Wherever you find pictures or statues of St Werburgh, there will nearly always be the image of a goose not too far away.  And not just any goose, but her favourite goose (and after all, who hasn’t got a favourite goose!) who was called Grayking.  According to one version of the miracle story for which St Werburgh is famous, Grayking along with his flock were creating havoc in a field of corn belonging to a steward named Hugh in the village of Weedon, Northamptonshire.  When Werburgh heard of this she ordered the geese to leave the field alone, at which point they, according to the words of the Flemish hagiographer Goscelin, ‘flew off and away, so that not even one small bird of that species has ever been seen on that territory’, and apparently it is true to this day that no geese can be found in the village.  However, Hugh was not satisfied with this action as reparation for his losses, and so he caught, killed and subsequently ate Grayking.  Werburgh was none too happy about this state of affairs, (after all, how would you feel if your favourite goose had just been killed?) and so gathered together the remaining bones which she then was able to miraculously reform such that Grayking was once more able to stand before her, the proud goose he once was.

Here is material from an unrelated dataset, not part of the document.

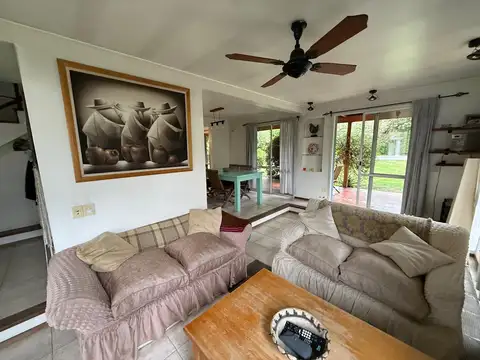 Casa en Venta en La Colina, USD 275.000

Stories about geese aside, Werburgh was a very well-known Anglo-Saxon saint, and many miracles were witnessed at her tomb and further afield.  She was born in Staffordshire in the early seventh century, the daughter of a Mercian king and queen with links to royal families in East Anglia, Kent and France, and was the last in a familial line of abbesses to take charge of the monastery at Ely, following in the footsteps of her mother, grandmother and great-aunt.

She also apparently had the gift of prophecy, and was able to foretell of the rivalry for her relics that, subsequent to her death, would happen between the communities with which she was linked.  In an attempt to forestall this, she insisted on being buried at the monastery of Hanbury, Staffordshire, although upon her death in Trentham, twenty-five miles from Hanbury, the Trentham monks not only refused to hand her over, but instead locked her coffin in their crypt and set a guard by the door.  However, Werburgh’s wishes were to be fulfilled, and the Hanbury monks sent a raiding party to Trentham to recover her remains, whereupon the bolts and chains on the doors miraculously opened at their touch, and the guards were all overcome by a deep and uninterrupted sleep.  After nine years in her tomb at Hanbury, her relics were translated to Chester and when the tomb was opened, they were of course found to be intact, thus reaffirming her worth as a saint.  Chester was her resting place up until the Reformation, but then her shrine was broken up and her relics were fragmented and dispersed, although a number of the pieces have since been gathered together and placed in the position the shrine previously occupied, which is where they can be seen today, alongside the ever-present statue of Grayking the Favourite Goose.  So don’t forget, on February 3rd, the feast day of St Werburgh, be nice to your favourite goose and in that way you will avoid the saint’s displeasure!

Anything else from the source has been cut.